Detecting anomalies from monitoring data is vital to industrial maintenance. We provide widely-used anomaly detection benchmarks: SMD, MSL, SMAP, SWaT, PSM, covering service monitoring, space & earth exploration, and water treatment applications.
- Data source: https://github.com/NetManAIOps/OmniAnomaly/tree/master/ServerMachineDataset
- Data brief introduction: SMD (Server Machine Dataset is a 5-week-long dataset that is collected from a large Internet company with 38 dimensions.
- Dataset names: smd_train, smd_test.
- Data source: https://raw.githubusercontent.com/khundman/telemanom/master/labeled_anomalies.csv
- Data brief introduction: SMAP is from NASA with 25 dimensions, which contain the telemetry anomaly data derived from the Incident Surprise Anomaly (ISA) reports of spacecraft monitoring systems.
- Dataset names: smap_train, smap_test.
- Data source: https://s3-us-west-2.amazonaws.com/telemanom/data.zip
- Data brief introduction: MSL (Mars Science Laboratory) is from NASA with 55 dimensions, which contain the telemetry anomaly data derived from the Incident Surprise Anomaly (ISA) reports of spacecraft monitoring systems.

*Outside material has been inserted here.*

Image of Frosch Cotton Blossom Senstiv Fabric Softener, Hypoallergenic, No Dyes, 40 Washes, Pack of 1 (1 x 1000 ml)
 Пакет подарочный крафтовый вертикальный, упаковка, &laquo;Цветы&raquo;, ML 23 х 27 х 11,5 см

- Dataset names: msl_train, msl_test.
- Data source: https://itrust.sutd.edu.sg/itrust-labs_datasets/dataset_info
- Data brief introduction: ) SWaT(Secure Water Treatment) is obtained from 51 sensors of the critical infrastructure system under continuous operations.
- Dataset names: swat_train, swat_test.
- Data source: https://cloud.tsinghua.edu.cn/d/9605612594f0423f891e/files/?p=%2FPSM%2Ftrain.csv
- Data brief introduction: PSM (Pooled Server Metrics) is collected internally from multiple application server nodes at eBay with 26 dimensions.
- Dataset names: psm_train, psm_test.
- Data source: https://github.com/numenta/NAB
- Data brief introduction: The Numenta Anomaly Benchmark (NAB) provides streaming data to research anomaly detection algorithms. NAB_TEMP is the temperature dataset.
- Dataset names: NAB_TEMP
- Data source: https://www.timeseriesclassification.com/index.php
- Data brief introduction: UEA Time Series Classification dataset includes 10 multivariate datasets, covering the gesture, action and audio recognition, medical diagnosis by heartbeat monitoring and other practical tasks.
- Dataset names: EthanolConcentration_Train, EthanolConcentration_Test, FaceDetection_Train, FaceDetection_Test, Handwriting_Train, Handwriting_Test, Heartbeat_Train, Heartbeat_Test, JapaneseVowels_Train, JapaneseVowels_Test, PEMSSF_Train, PEMSSF_Test, SelfRegulationSCP1_Train, SelfRegulationSCP1_Test, SelfRegulationSCP2_Train, SelfRegulationSCP2_Test, SpokenArabicDigits_Train, SpokenArabicDigits_Test, UWaveGestureLibrary_Train, UWaveGestureLibrary_Test.
- Data source: https://timeseriesclassification.com/description.php?Dataset=BasicMotions
- Data brief introduction: The data was generated as part of a student project where four students performed four activities whilst wearing a smart watch. here are classes: walking, resting, running and badminton. Participants were required to record motion a total of five times, and the data is sampled once every tenth of a second, for a ten second period.
- Dataset names: BasicMotions_Train, BasicMotions_Test.